Recruitment & Eligibility

• Status: COMPLETED
• Sex: All
• Target Recruitment: 99

Inclusion Criteria

• Male and female patients, >/= 6 years of age
• Confirmed diagnosis of cystic fibrosis (CF)
• Receiving Pulmozyme once daily chronically for treatment of CF for at least 6 months prior to screening
• Percent predicted FEV1 >/= 40% at screening based on the Wang (males < 18 years, females < 16 years) or Hankinson (males >/= 18 years, females >/= 16 years) standardized equations
• Able to reproducibly perform spirometry testing and comply with study assessments

Exclusion Criteria

• An acute respiratory infection or pulmonary exacerbation within 4 weeks prior to randomization
• Initiation of any new chronic therapy (e.g. inhaled corticosteroids, inhaled oral antibiotics, high-dose ibuprofen, hypertonic saline, ivacaftor) for respiratory disease within 4 weeks prior to randomization
• Changes in chest physiotherapy schedule within 4 weeks prior to randomization
• Hospitalization within 4 weeks prior to randomization
• Planned hospitalization during the 6-week study
• History of organ transplantation
• Participation in an investigational drug or device study within 30 day prior to screening

Study & Design

• Study Type: INTERVENTIONAL
• Study Design: CROSSOVER

Arm && Interventions

Group	Intervention	Description
eRapid Nebulizer	dornase alfa [Pulmozyme®]	Dornase alfa (Pulmozyme®) inhaled once daily by the Pari eRapid nebulizer for 2 weeks.
Jet Nebulizer	dornase alfa [Pulmozyme®]	Dornase alfa (Pulmozyme®) inhaled once daily by the Pari LC Plus jet nebulizer for 2 weeks.

Primary Outcome Measures

Name	Time	Method
Safety: Number of Participants With Adverse Events During Each Treatment Period	4 Weeks	An adverse event was considered any unfavorable and unintended sign, symptom, or disease associated with the use of the study drug, whether or not considered related to the study drug.

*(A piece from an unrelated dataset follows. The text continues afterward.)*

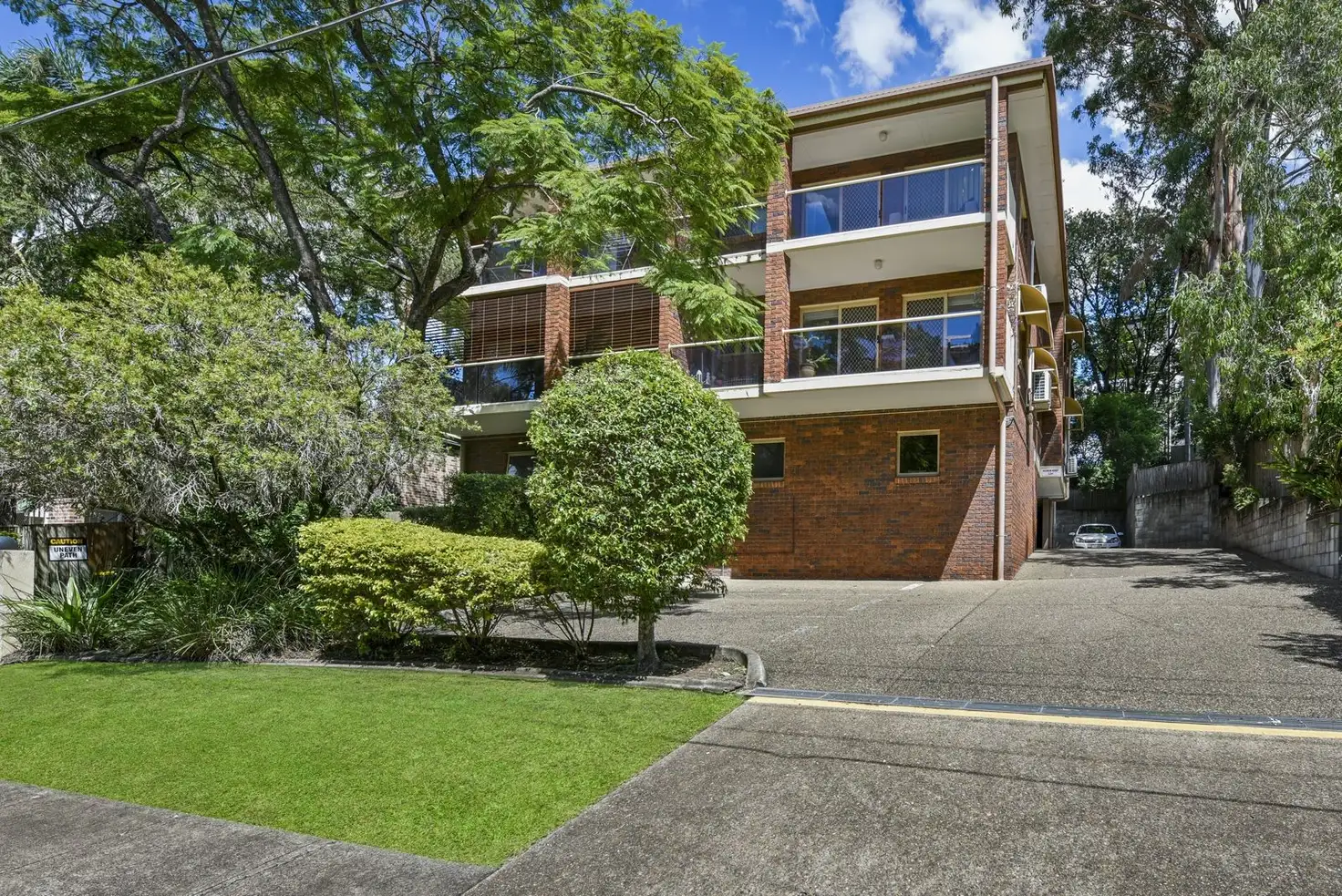 Main view of Homely apartment listing, 1/22 Union Street, Taringa QLD 4068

Preexisting conditions that worsened during the study and laboratory or clinical tests that resulted in a change in treatment or discontinuation from study drug were reported as adverse events.
Stability of Lung Function: Percent Predicted Forced Expiratory Volume in 1 Second (FEV1)	At the end of each 2-week treatment period	Spirometry was performed according to American Thoracic Society standards. FEV1 is the amount of air that is forced out of the lungs in one second and was measured at the end of each 2-week treatment period. The percent predicted FEV1 was calculated as: Percent predicted FEV1 =FEV1 (L) / Predicted FEV1 (L) ×100.